15. The Debtor assigns to the Trustee all after acquired property (as prescribed by section 116(1) of the Act) to be dealt with in accordance with the provisions of this Deed."
  1. In his Statement of Affairs the debtor estimated the value of the fourteen Lend Lease Shares at $185.50. His only other assets were listed as household furniture and effects, estimated at $2500 and cash in hand $85.00. He stated that the total amount of his liabilities was $4,402,608.54.

  2. The minutes of the meeting of creditors showed the result of the vote on the special resolution, as follows:

" For Against Total $ No. $ No. $ No Name and Value

Esarem Holdings

P/Ltd 349,707 349,707 Deruno Pty. Ltd 2,079,105 2,079,105 Billerwell Powers

and Smith 34,782 34,782 Michell Sillar 6,333 6,333 Commonwealth

Bankcard 12,299 12,299 Household Fin-

ancial Services 7,886 7,886 Boral Resources

(NSW) P/L 137,549 137,549 2,469,927 93.99% 157,734 6.01% 2,627,661 100% Number present 4 57.14% 3 42.86% 7< 100% The Chairman informed the meeting the resolution was passed, having the majority in numbers and greater than 75% in value of debts of creditors present."

  1. On 13 January 1993 an application was filed on behalf of Boral by which the following orders were sought:

"1. That the Deed of Arrangement entered into by the debtor on or about 23 December, 1992 be declared void on the ground that:

At the meeting of the creditors of the debtor on the 23rd December, 1992 that Deruno Pty Ltd and Esarem Holdings Pty Ltd were permitted to vote, neither company being entitled to do so;

2. That the Deed of Arrangement entered into by the debtor on or about 23 December, 1992 be terminated;

3. That a sequestration order be made against the estate of the debtor;

4. That the costs of and incidental to this application be provided for;

5. Such further or other orders as the Court shall deem fit."
  1. At the hearing of this application it became common ground that the first three quarterly payments, each of $5000, which the debtor was obliged under the deed to pay to the trustee by the last days of March, June and September 1993 had not been made.
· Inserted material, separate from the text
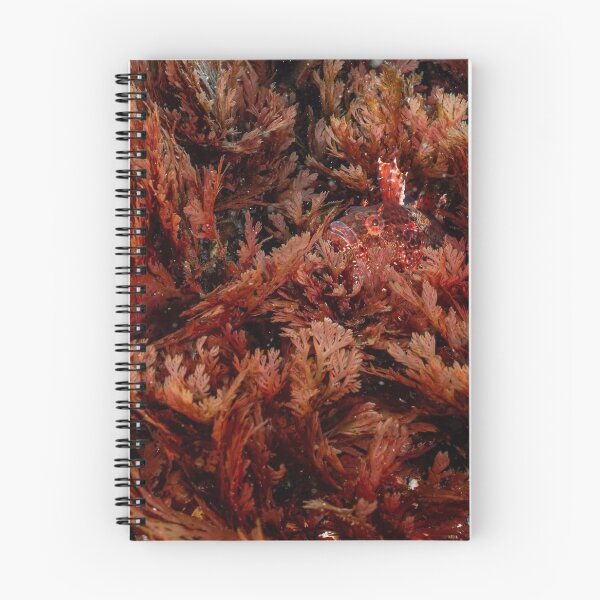 Item preview, Ocean Liverpool Fc King Rising designed and sold by Sajutitulpes.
  2. The applicant then, by leave, added a further ground on which it sought the termination of the deed pursuant to s.236(1)(a) of the Act, namely that the debtor "had failed to carry out or comply with a provision of the deed".
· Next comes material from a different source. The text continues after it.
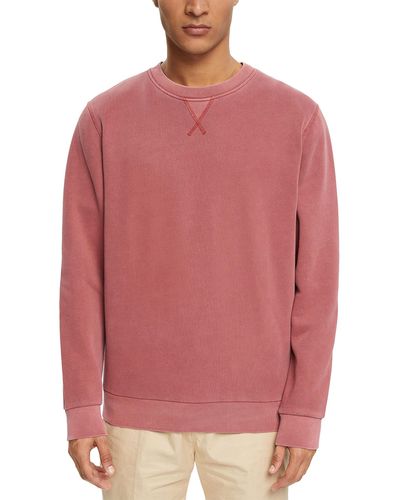 Esprit Effen Sweatshirt In Regular Fit - Roze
  3. The Court is commanded, by s.236(2), not to make an order under paragraph 1(a) "unless it is satisfied that it would be in the interests of the creditors to do so". The principal advantage to be gained by the creditors under the deed was the receipt of the quarterly payments. The proposed payment by instalments was itself a trivial amount in respect of the total indebtedness of the debtor. Having regard to the debtor's default I am satisfied that it is in the interests of the creditors to terminate the deed. The debtor gave evidence of his belief that by the end of October 1993 he would be in a financial position to make the payments due to the trustee, in the expectation that he received prompt payment for work as a property development consultant on which he was engaged, which was similar to that performed by him before entering into the deed. This work is being done by him as a consultant to a family company which engages his services after it has come to an arrangement with a client. In these circumstances, it seems unlikely that the creditors will reap any benefit from the fact that by the deed the debtor assigned to the trustee his after acquired property. The fact that the arrangement has not enabled the debtor to make the payments due under the deed supports this conclusion.

  4. Having regard to the extent of his insolvency and the general history of the debtor I am satisfied that this is a proper case in which to grant the application that an order of sequestration be made forthwith.

  5. I have not found it necessary to consider the other grounds upon which the deed was attacked.

  6. The court

1. orders that the deed of arrangement entered into by the debtor on 23 December 1992 be terminated

2. makes an order of sequestration against the estate of the debtor

3. orders that the costs of the applicant of and incidental to the application, including reserved costs be paid out of the estate of the debtor, with the same priority as if they had been costs incurred by the applicant in the presentation and hearing of a creditor's petition.